As a long-time C++ coder, I need to add that project-specific prohibition of some C++ practices is a pretty normal, even recommended thing to do. Introducing such prohibitions is not a fault of C++.
Also, I observed that "bad experience with C++" is often related to someone using, while not completely understood, some more advanced C++ paradigm.
> project-specific prohibition of some C++ practices is a pretty normal, even recommended thing to do.
So there's a need to subset C++. I wonder. If we took the union of the most common subsets, would we have all of C++, or only parts of it? Which parts of C++ are unsuitable for any project?
If there is any, it is totally the fault of C++ if we have to subset it. Historical reasons yada yada, I don't care: a language you have to subset is still worse than the subset itself.
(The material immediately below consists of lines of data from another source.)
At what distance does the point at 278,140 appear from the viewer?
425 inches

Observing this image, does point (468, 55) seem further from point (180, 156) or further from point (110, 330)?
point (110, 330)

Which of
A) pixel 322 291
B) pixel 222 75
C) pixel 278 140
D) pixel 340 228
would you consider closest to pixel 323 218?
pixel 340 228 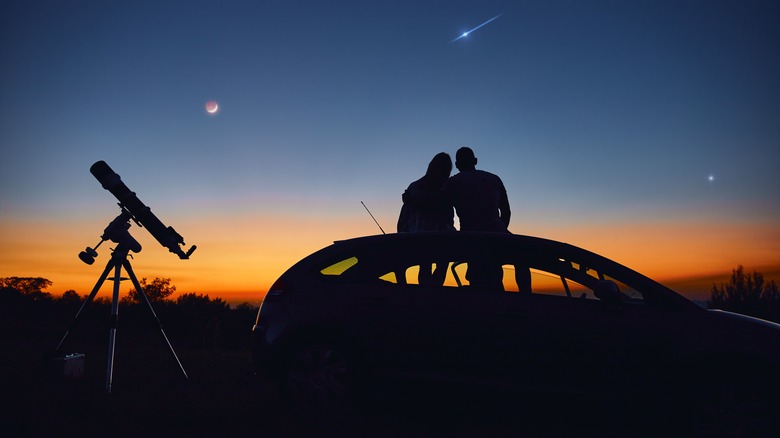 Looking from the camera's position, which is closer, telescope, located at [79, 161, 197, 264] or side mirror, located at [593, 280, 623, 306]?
side mirror, located at [593, 280, 623, 306]

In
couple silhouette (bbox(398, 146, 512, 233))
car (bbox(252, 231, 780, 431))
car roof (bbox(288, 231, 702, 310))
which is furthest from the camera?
couple silhouette (bbox(398, 146, 512, 233))

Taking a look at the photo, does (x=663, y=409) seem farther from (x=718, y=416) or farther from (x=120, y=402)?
(x=120, y=402)

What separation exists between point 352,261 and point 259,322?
1.05 m

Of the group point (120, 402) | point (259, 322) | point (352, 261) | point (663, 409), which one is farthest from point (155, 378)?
point (663, 409)

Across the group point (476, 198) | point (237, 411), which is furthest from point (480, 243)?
point (237, 411)

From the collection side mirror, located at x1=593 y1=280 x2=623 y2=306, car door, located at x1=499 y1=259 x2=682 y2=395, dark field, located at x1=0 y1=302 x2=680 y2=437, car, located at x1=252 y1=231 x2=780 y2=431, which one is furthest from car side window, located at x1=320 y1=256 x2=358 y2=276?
side mirror, located at x1=593 y1=280 x2=623 y2=306

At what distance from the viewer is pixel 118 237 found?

JavaScript held in high esteem? You can't be serious? That language is way too flawed: equality operator that's not transitive, wicked scoping rules, semicolon that you can omit but really shouldn't… And you're telling me this poor Self copycat is held in high esteem? How? Because it took over the web? That's not enough.
As for C++… That language is just too big for its own good. It tries to be too many things to too many people, and as a result is almost never the best choice. (Discounting code already written and available expertise of course. I'm judging the language, not the ecosystem.)
The idea of C++ is a good one, under a couple conditions: first, it must be tuned to a domain or a way of programming. Second, it must not try to be goddamn source compatible with C. If we're writing a language, we might as well correct C's mistakes along the way.
I wouldn't say "wrong", this is a subjective issue, and some people like them. It's just that exceptions can be dangerous, in a sense, because a very innocuous looking line of code or function call can end up executing something you don't expect, or your function can bail out before you expect. It's similar to how inheritance and virtual functions hide (encapsulate) what's going on, but also obscure execution too. Usually the encapsulation is good, but when you need to know exactly what's going on, they can throw wrenches at you. It can be really hard to figure out all the possible errors that could be thrown, or code paths that could be taken in any given case.
I don't know the specific reasons std lib was mentioned, that's a big topic. But generally in the context of a game engine, you need all custom memory management and I/O, so there isn't much place for std lib, depending on which std lib pieces and which platforms and which C++ you're talking about.
For exceptions:
- A bit unpredictable (hard to optimize)
- Introduce a lot of exit points which are hard to find
- They deviate from the "pay what you use," since they generate some extra code
- They can introduce some nasty performance penalties (I experienced this myself a few yeas back, the compilers might be smarter these days, maybe)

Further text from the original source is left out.